» **WHAT TO WORK ON**
The reply should hold only the lines from the one with "This is one" to the one with "The volume of", both ends kept, exactly as they appear below, without any pictures.

---------- DATASET EXTRACT ----------

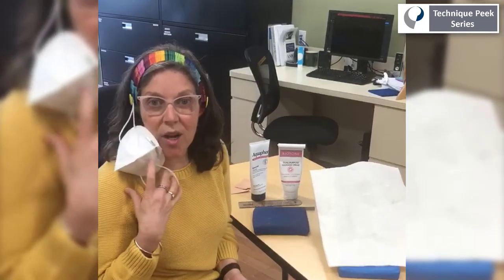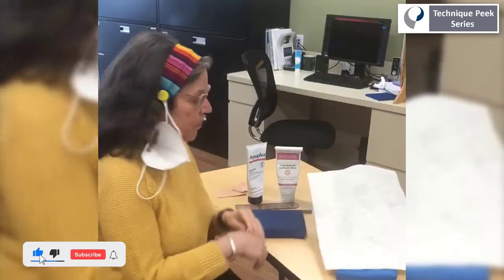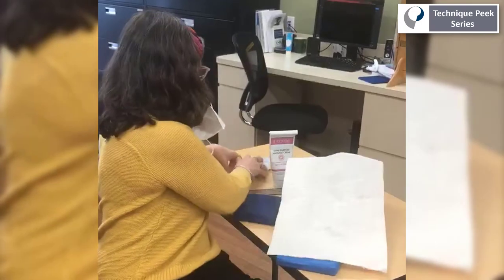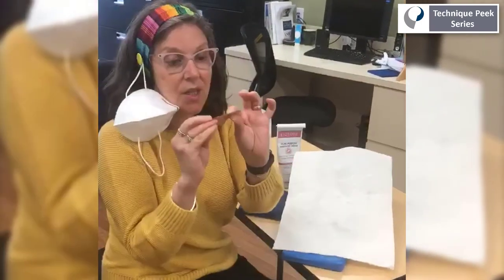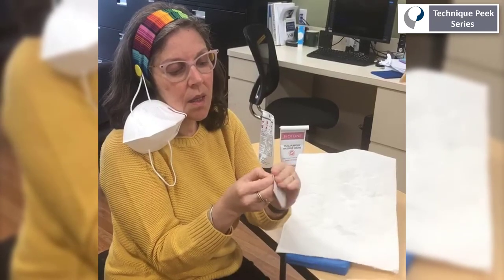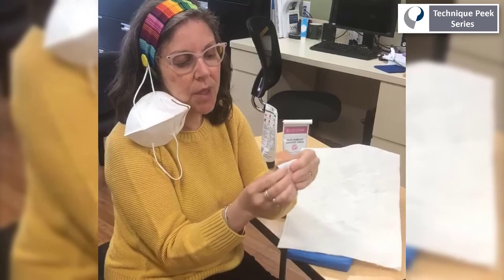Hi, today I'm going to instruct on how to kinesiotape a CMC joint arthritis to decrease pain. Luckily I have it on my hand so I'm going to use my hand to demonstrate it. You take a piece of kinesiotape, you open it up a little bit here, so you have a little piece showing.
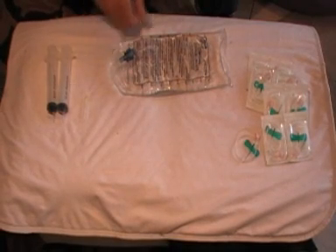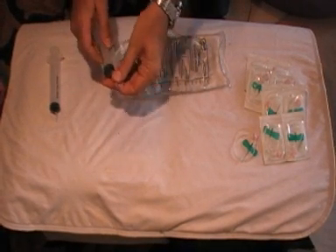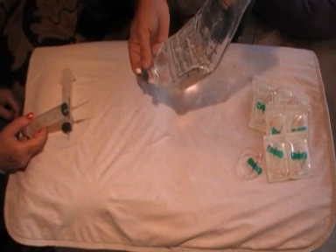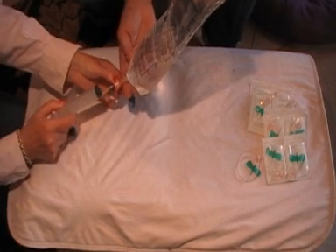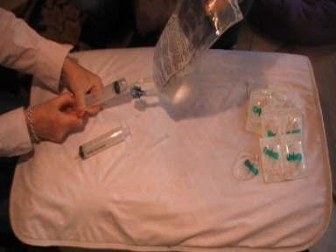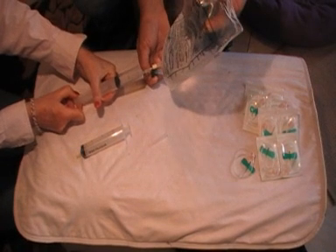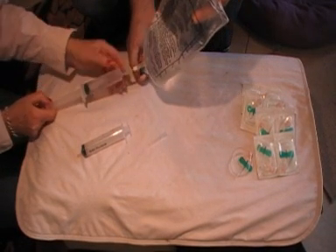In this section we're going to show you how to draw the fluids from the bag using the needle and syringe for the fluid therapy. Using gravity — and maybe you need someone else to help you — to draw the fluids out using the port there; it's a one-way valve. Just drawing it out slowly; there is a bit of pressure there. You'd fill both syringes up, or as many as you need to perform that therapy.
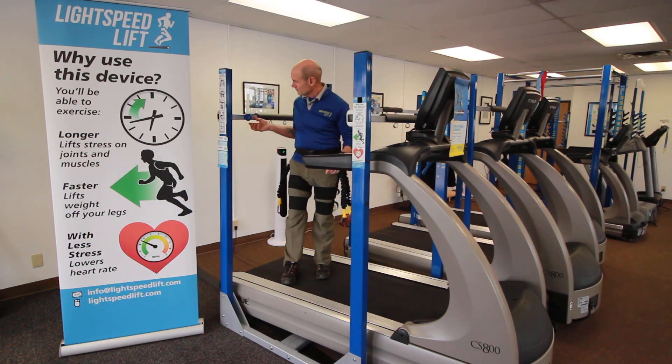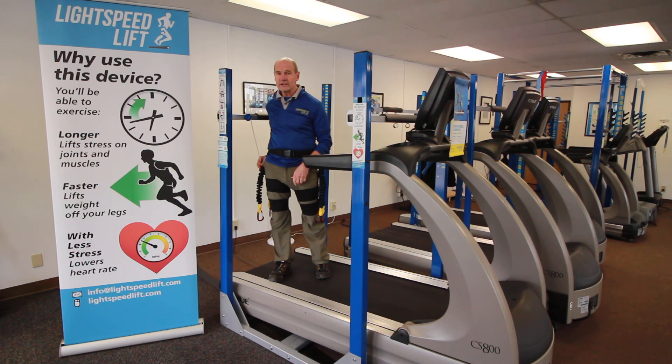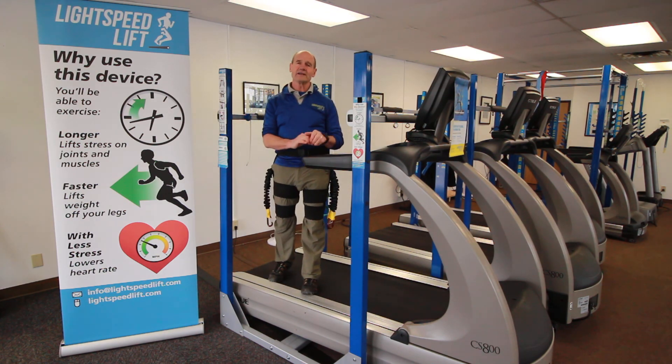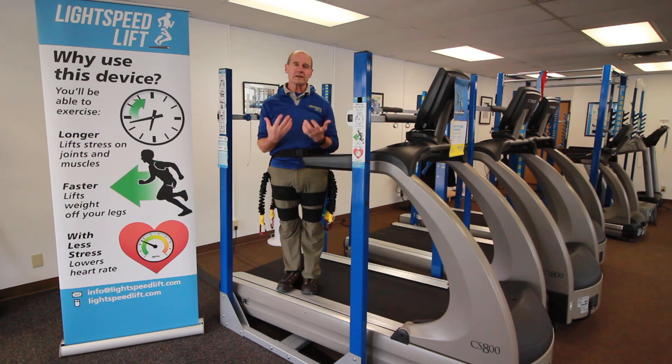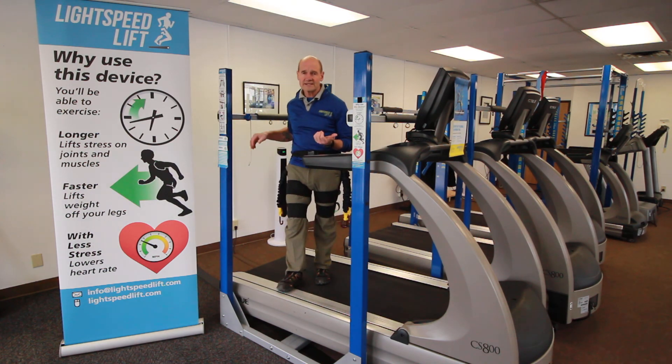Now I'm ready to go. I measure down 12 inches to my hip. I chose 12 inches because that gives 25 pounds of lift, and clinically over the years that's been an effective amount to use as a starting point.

----------
---------- DATASET EXTRACT ----------

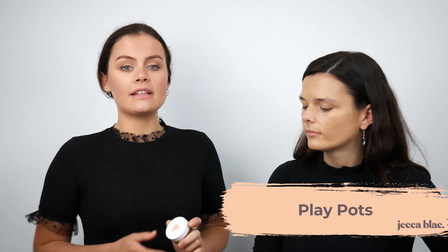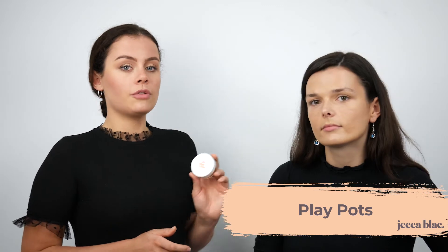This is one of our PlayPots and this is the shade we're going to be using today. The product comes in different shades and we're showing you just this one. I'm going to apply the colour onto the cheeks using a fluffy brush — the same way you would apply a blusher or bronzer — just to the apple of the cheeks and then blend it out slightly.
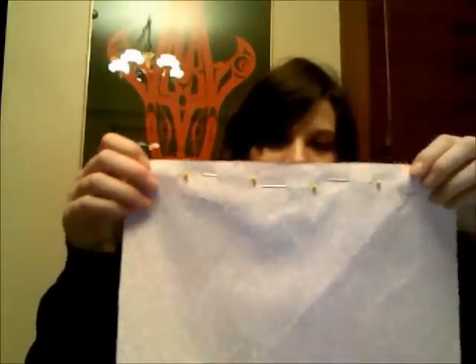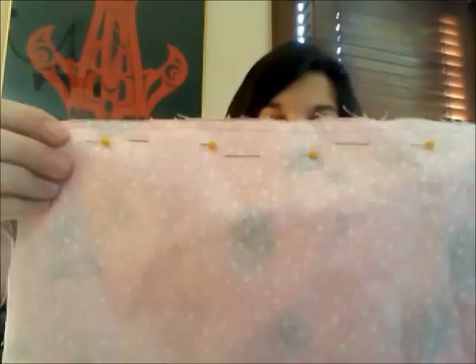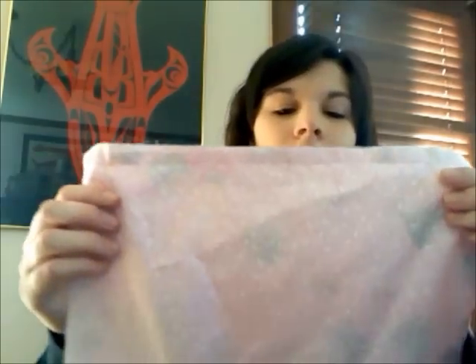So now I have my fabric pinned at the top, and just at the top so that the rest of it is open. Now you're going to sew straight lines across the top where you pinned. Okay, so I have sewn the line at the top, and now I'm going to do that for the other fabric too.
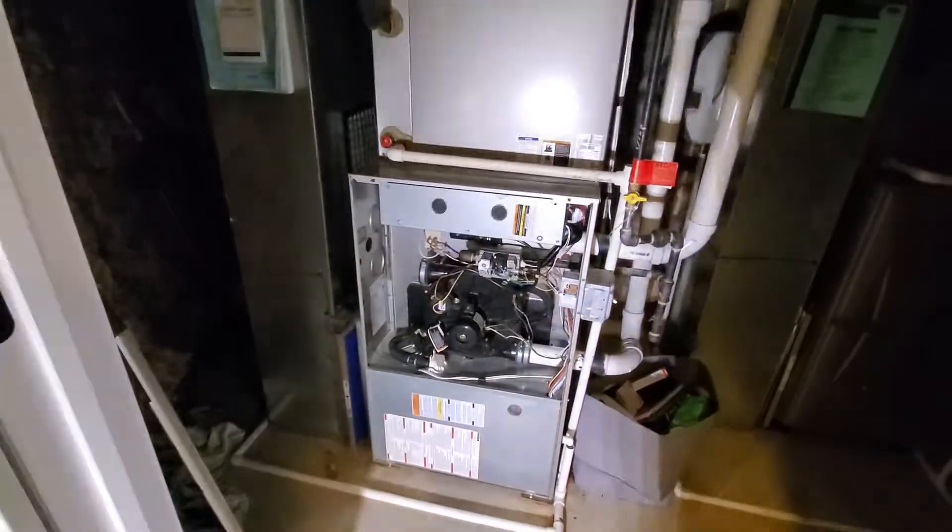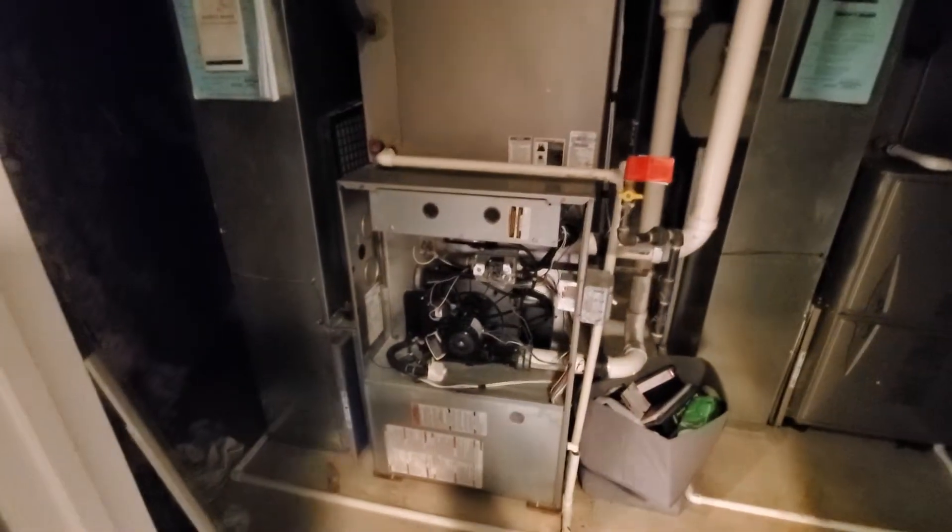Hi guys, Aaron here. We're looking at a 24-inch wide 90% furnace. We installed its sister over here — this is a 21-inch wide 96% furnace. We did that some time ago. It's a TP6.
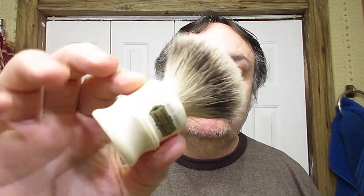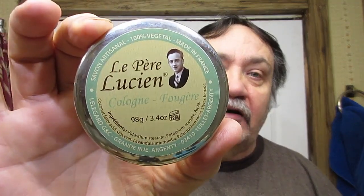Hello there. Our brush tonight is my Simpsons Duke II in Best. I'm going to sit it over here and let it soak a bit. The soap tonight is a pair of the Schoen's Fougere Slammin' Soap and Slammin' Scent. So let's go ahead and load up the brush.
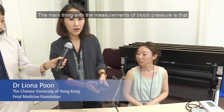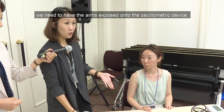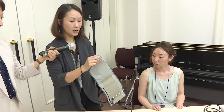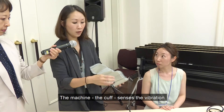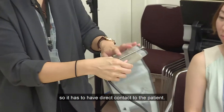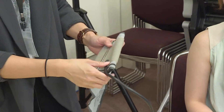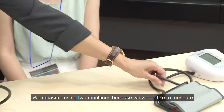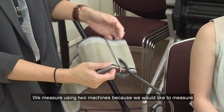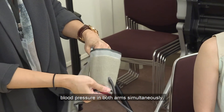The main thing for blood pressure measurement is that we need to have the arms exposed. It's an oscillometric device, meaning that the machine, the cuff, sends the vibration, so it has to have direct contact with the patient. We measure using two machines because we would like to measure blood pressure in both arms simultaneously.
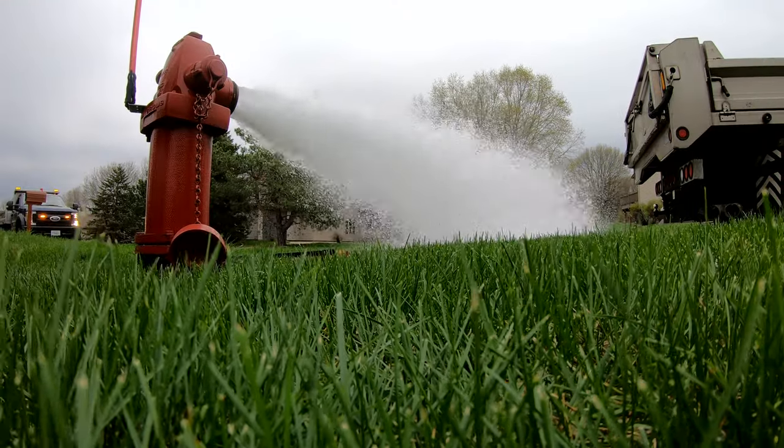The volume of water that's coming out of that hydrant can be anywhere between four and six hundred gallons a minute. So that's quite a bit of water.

----------

» **RESPONSE BELOW**
This is one of our PlayPots and this is the shade we're going to be using today. The product comes in different shades and we're showing you just this one. I'm going to apply the colour onto the cheeks using a fluffy brush — the same way you would apply a blusher or bronzer — just to the apple of the cheeks and then blend it out slightly.
So now I have my fabric pinned at the top, and just at the top so that the rest of it is open. Now you're going to sew straight lines across the top where you pinned. Okay, so I have sewn the line at the top, and now I'm going to do that for the other fabric too.
Hi guys, Aaron here. We're looking at a 24-inch wide 90% furnace. We installed its sister over here — this is a 21-inch wide 96% furnace. We did that some time ago. It's a TP6.
Hello there. Our brush tonight is my Simpsons Duke II in Best. I'm going to sit it over here and let it soak a bit. The soap tonight is a pair of the Schoen's Fougere Slammin' Soap and Slammin' Scent. So let's go ahead and load up the brush.
The main thing for blood pressure measurement is that we need to have the arms exposed. It's an oscillometric device, meaning that the machine, the cuff, sends the vibration, so it has to have direct contact with the patient. We measure using two machines because we would like to measure blood pressure in both arms simultaneously.
The volume of water that's coming out of that hydrant can be anywhere between four and six hundred gallons a minute. So that's quite a bit of water.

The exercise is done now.